## Prompt:
Starting with the line that contains "online show from" and stopping after the line that contains "Candace Parker Instagram", return each line below exactly as written, with no others.

## Data shown:
== == ==
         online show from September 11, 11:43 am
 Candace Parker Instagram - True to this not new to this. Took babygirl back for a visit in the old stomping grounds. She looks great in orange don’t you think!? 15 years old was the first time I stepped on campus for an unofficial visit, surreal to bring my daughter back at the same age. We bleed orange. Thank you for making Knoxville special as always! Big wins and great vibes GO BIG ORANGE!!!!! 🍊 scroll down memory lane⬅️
== == ==
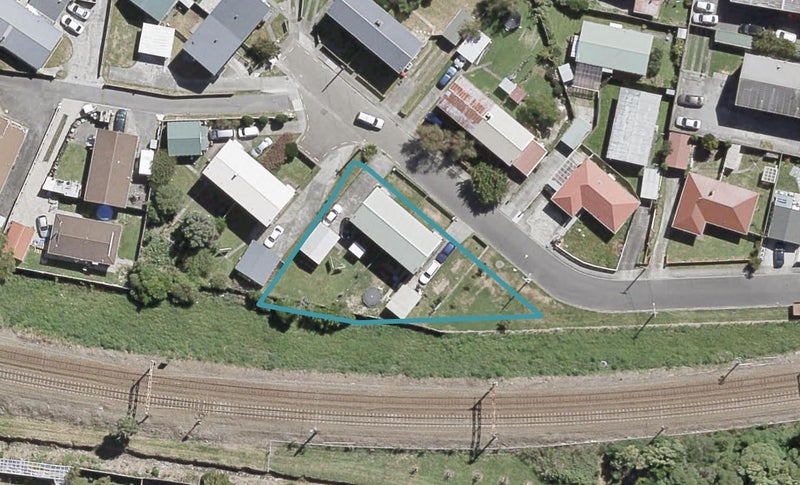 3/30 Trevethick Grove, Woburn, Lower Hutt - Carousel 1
== == ==
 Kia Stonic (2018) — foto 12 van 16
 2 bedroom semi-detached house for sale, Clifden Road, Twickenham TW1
== == ==
## Output of the exercise:
         online show from September 11, 11:43 am
 Candace Parker Instagram - True to this not new to this. Took babygirl back for a visit in the old stomping grounds. She looks great in orange don’t you think!? 15 years old was the first time I stepped on campus for an unofficial visit, surreal to bring my daughter back at the same age. We bleed orange. Thank you for making Knoxville special as always! Big wins and great vibes GO BIG ORANGE!!!!! 🍊 scroll down memory lane⬅️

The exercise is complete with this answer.